Lampedusa, non diversamente dal deserto di Sonora in Arizona, è un posto cosi imponente da far mettere in discussione il significato della vita e del posto che abbiamo in essa e nel mondo. Porto spesso persone a visitare il Gates Pass (un belvedere ad ovest di Tucson) per guardare il tramonto così che possano meditare sulla bellezza del paesaggio naturale. Questa visita è strategica da parte mia perché molte persone associano il deserto ad un luogo pericoloso dove la morte non è una possibile eventualità bensì una regolare e prevista ricorrenza. Confondere le morti dei migranti con i pericoli naturali che si nascondono nel deserto è di per sé un meccanismo pericoloso; questo permette di dimenticare o ignorare la pericolosa relazione che intercorre tra le politiche di gestione dell’immigrazione che strategicamente convogliano i migranti in remote rotte del deserto e la morte delle persone in transito. Non è la stessa cosa attraversare il Mediterraneo a bordo di imbarcazioni equipaggiate con moderne tecnologie o con un gommone omologato per 20 persone che ne trasporta 100. Il mare non uccide. Il deserto non uccide. Sono le politiche della frontiera che li trasformano in armi letali.
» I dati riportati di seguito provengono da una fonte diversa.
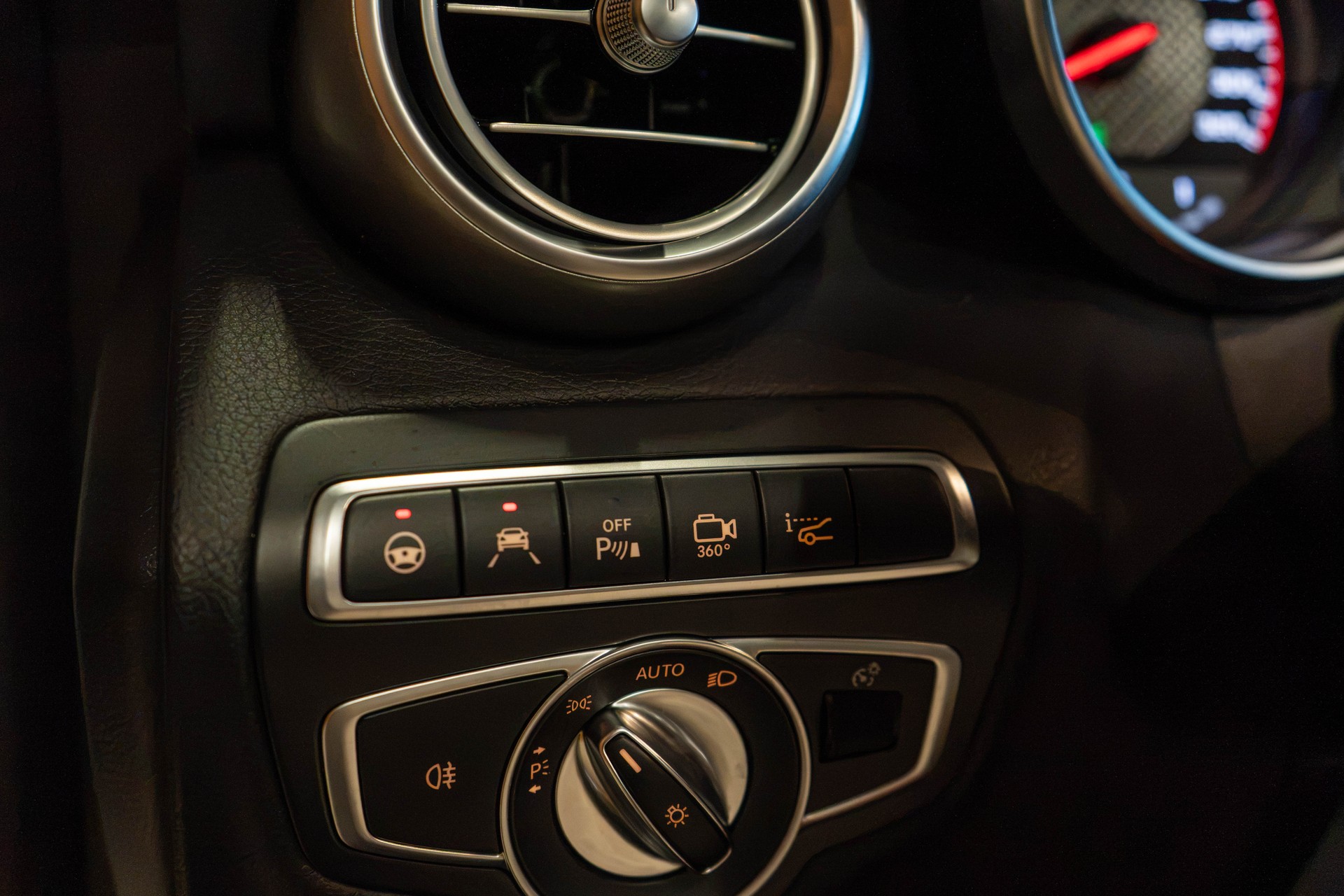 MERCEDES-BENZ C 63 S AMG Cabriolet-image-30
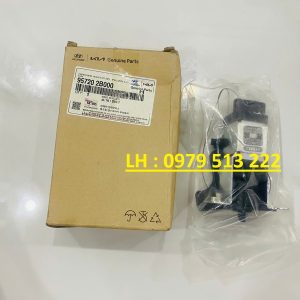 công tắc mở bình xăng hyundai santafe 2011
Lampedusa, spesso chiamata “l’isola degli sbarchi” oppure “l’isola delle tragedie” o ancora “l’isola dei clandestini”, era storicamente un’isola di salvezza dove esausti viaggiatori potevano riposare e sostare, riparare le proprie barche, e prepararsi a proseguire il proprio viaggio. E tutto ciò è facilmente comprensibile se si considera la sua posizione geografica nel mezzo del Mediterraneo, a metà tra il Nord Africa e l’Europa meridionale (in realtà è più prossima alla Tunisia che alle coste dell’Italia). Grande responsabilità nell’attribuzione di questi epiteti negativi, conseguenti alle numerose tragedie susseguitesi al largo delle coste di Lampedusa, è da attribuire invece alle politiche securitarie e di gestione della mobilità che spingono i migranti verso rotte mortali. Inoltre il processo di esternalizzazione delle frontiere attraverso accordi strategici (tra Unione Europea e Turchia cosi come tra Stati Uniti e Messico) aumenta ulteriormente gli ostacoli del percorso migratorio, sia spazialmente che temporalmente.
Lampedusa potrebbe essere un ponte, non una frontiera. Ciò che la rende una frontiera sono le politiche nazionali e comunitarie che cercano di controllare la migrazione rendendo la mobilità umana pericolosa, spesso mortale e retoricamente rappresentata come una minaccia. Mi chiedo cosa ci vorrebbe per fare di Lampedusa un ponte.